`6xx10^(-3)` mole `K_(2)Cr_(2) C_(7)` reacts completely with `9xx10^(-3)` mole `X^(n+)` to give `XO_(3)^(-)` and `Cr^(3+)`. The value of `n` is `:`

To solve the problem, we need to determine the value of \( n \) in the reaction between potassium dichromate (\( K_2Cr_2O_7 \)) and \( X^{n+} \) that produces \( XO_3^{-} \) and \( Cr^{3+} \).
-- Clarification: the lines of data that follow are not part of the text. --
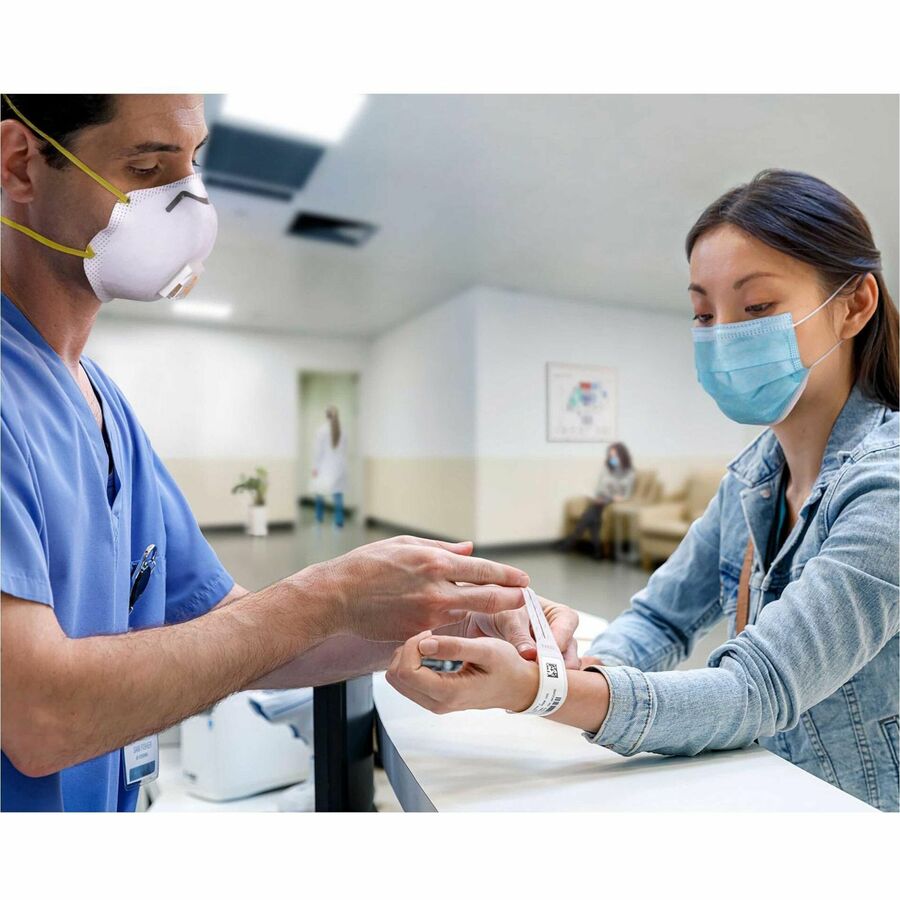 Zebra ZD510-HC Direct Thermal Printer - Monochrome - Portable - Wristband Print - Ethernet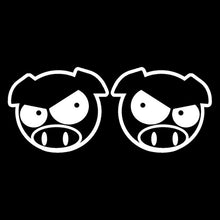 Load image into Gallery viewer, Aliauto 2 X Cartoon Car Stickers Cute Evil Pigs Automobiles Motorcycles Accessories Waterproof Sunscreen Vinyl Decals,10cm*8cm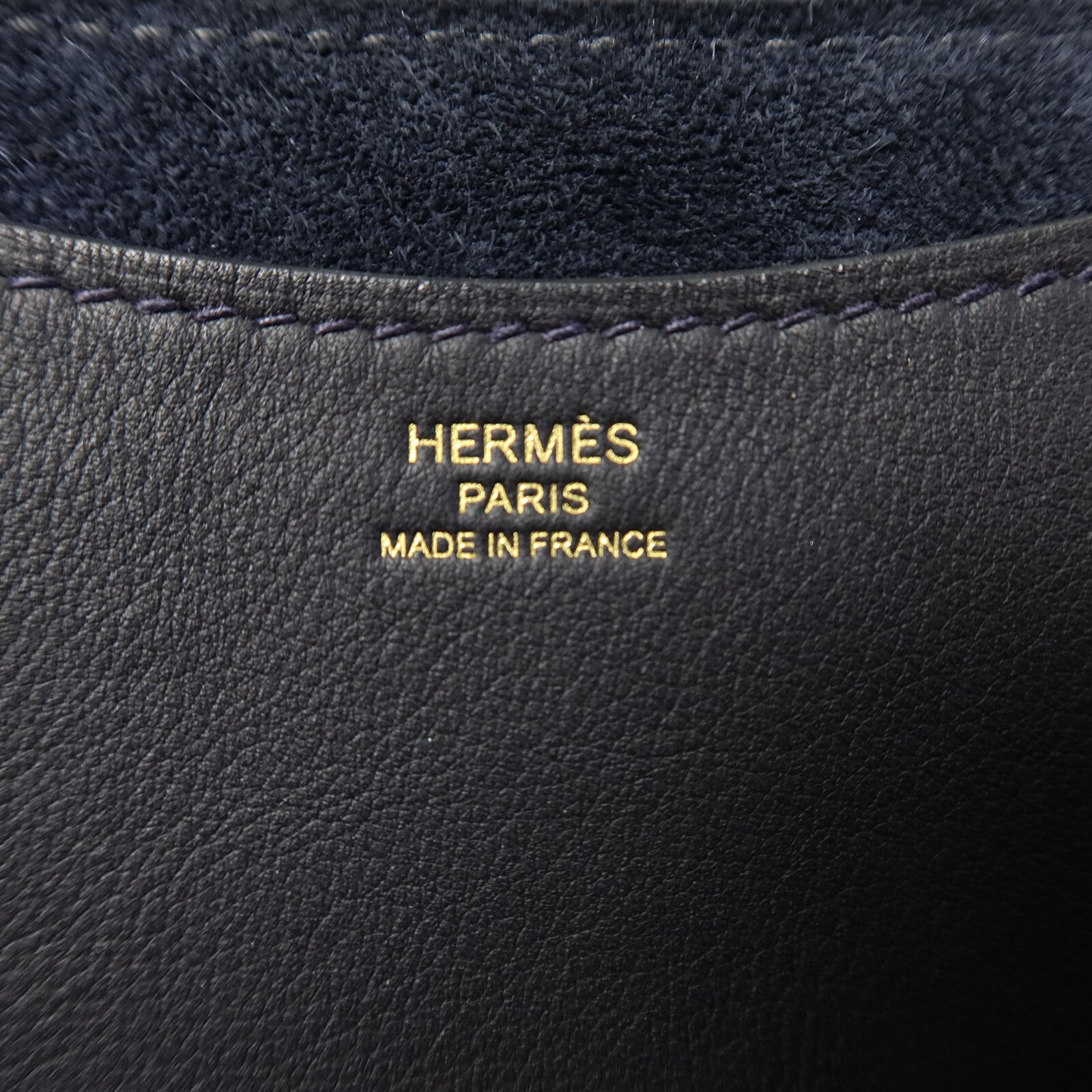 HERMES Clemence皮革In The Loop 23手挽袋Caban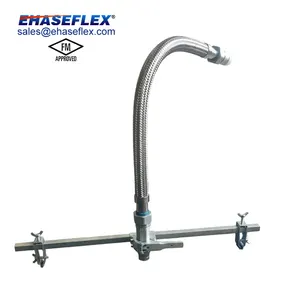 FM Certificated Metal Flexible Water Sprinkler Hose Metal Stainless Steel With NPT/BSP Outlet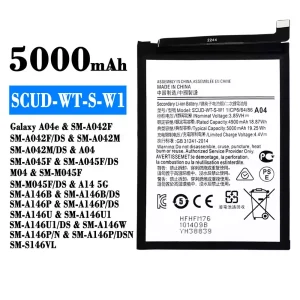 Batteri SCUD-WT-S-W1 til Samsung Galaxy A04e/A14 5G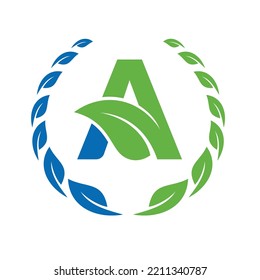 landscape green leaf for ecology nature vector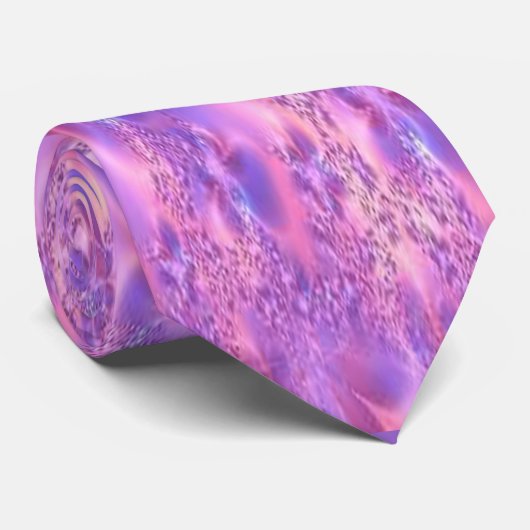 Cravate fleur fractale (Roulé)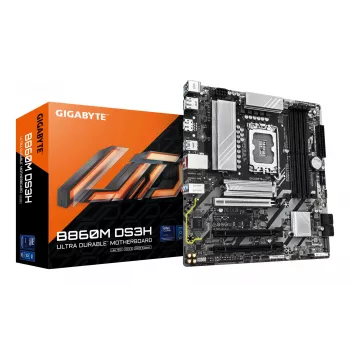 Placa base GIGABYTE B860M DS3H - CPUs Intel Core Ultra Series, VRM de fases 5+1+2+1, hasta 9066MHz DDR5, 1xPCIe 5.0 + 1xPCIe 4.0 M.2, 2.5GbE LAN, USB 3.2 Gen 2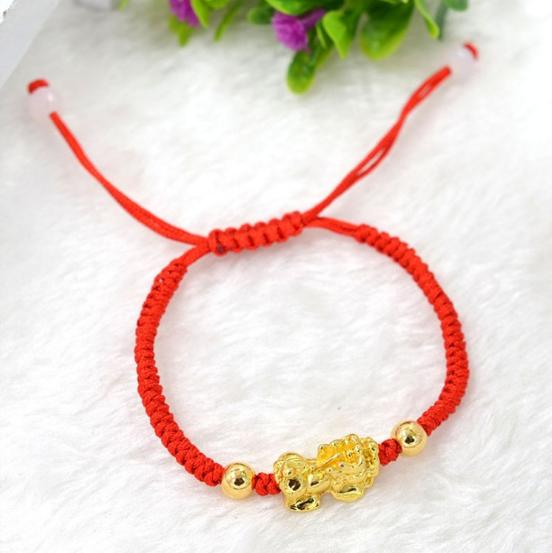Vòng chỉ đỏ mix tỳ hưu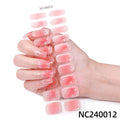 Baking lamp hardening uv second generation gel manicure stickers waterproof hot stamping korean cross-border semi-cured nail stickers personalized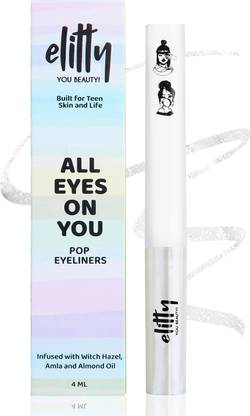 Elitty Cloud Nine | Waterproof Liquid Eyeliner | Metallic Finish | Lasts Upto 12 Hours 4 ml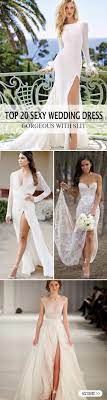 For outdoor wedding it is better to choose a short wedding dresses. Top 20 Sexy Wedding Dresses With Slit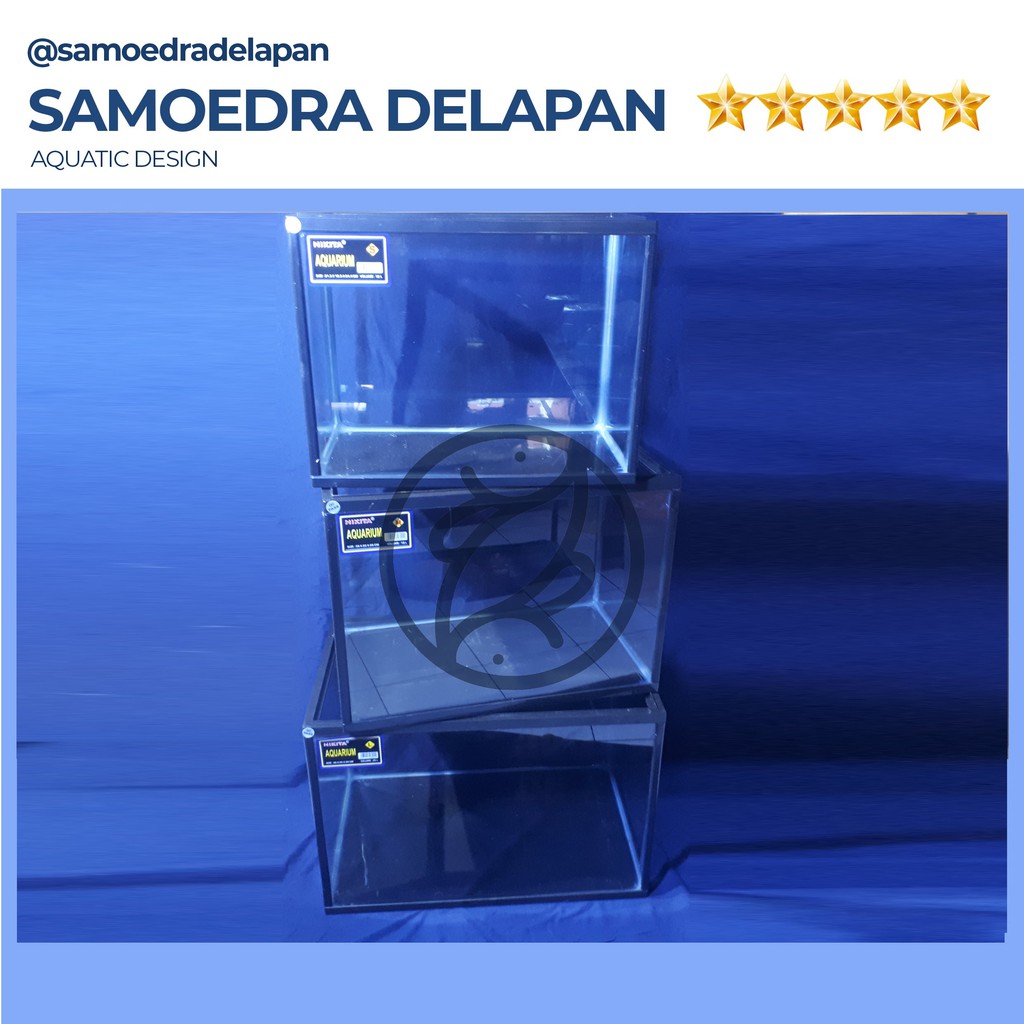 AQUARIUM NIKITA 3 SET SIZE S, SIZE M & SIZE L PAKET AQUARIUM NIKITA TRISET SML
Here’s a step-by-step breakdown of the solution: ### Step 1: Write the balanced chemical equation The reaction can be represented as follows: \[ K_2Cr_2O_7 + X^{n+} \rightarrow Cr^{3+} + XO_3^{-} \] ### Step 2: Determine the change in oxidation state for chromium In \( K_2Cr_2O_7 \), the oxidation state of chromium (\( Cr \)) is +6. When it is reduced to \( Cr^{3+} \), it gains 3 electrons per chromium atom. Since there are 2 chromium atoms, the total number of electrons gained is: \[ 2 \times 3 = 6 \text{ electrons} \] Thus, the n-factor for \( K_2Cr_2O_7 \) is 6. ### Step 3: Determine the change in oxidation state for \( X^{n+} \) For \( XO_3^{-} \), we can find the oxidation state of \( X \). The total charge of \( XO_3^{-} \) is -1, and with three oxygen atoms each having an oxidation state of -2, we can set up the equation: \[ n + 3(-2) = -1 \implies n - 6 = -1 \implies n = +5 \] Thus, the oxidation state of \( X \) changes from \( n \) to +5. The change in electrons for one \( X \) atom is: \[ 5 - n \] So, the n-factor for \( X^{n+} \) is \( 5 - n \). ### Step 4: Set up the equivalence equation Since the number of equivalents of \( K_2Cr_2O_7 \) must equal the number of equivalents of \( X^{n+} \), we can express this as: \[ \text{Number of equivalents of } K_2Cr_2O_7 = \text{Number of equivalents of } X^{n+} \] This can be expressed mathematically as: \[ \text{moles of } K_2Cr_2O_7 \times \text{n-factor of } K_2Cr_2O_7 = \text{moles of } X^{n+} \times \text{n-factor of } X^{n+} \] ### Step 5: Substitute the values We know: - Moles of \( K_2Cr_2O_7 = 6 \times 10^{-3} \) - Moles of \( X^{n+} = 9 \times 10^{-3} \) - n-factor of \( K_2Cr_2O_7 = 6 \) - n-factor of \( X^{n+} = 5 - n \) Substituting these values into the equation gives: \[ (6 \times 10^{-3}) \times 6 = (9 \times 10^{-3}) \times (5 - n) \] ### Step 6: Simplify and solve for \( n \) Simplifying the left side: \[ 36 \times 10^{-3} = (9 \times 10^{-3}) \times (5 - n) \] Dividing both sides by \( 9 \times 10^{-3} \): \[ 4 = 5 - n \] Rearranging gives: \[ n = 5 - 4 = 1 \] ### Conclusion Thus, the value of \( n \) is \( 1 \).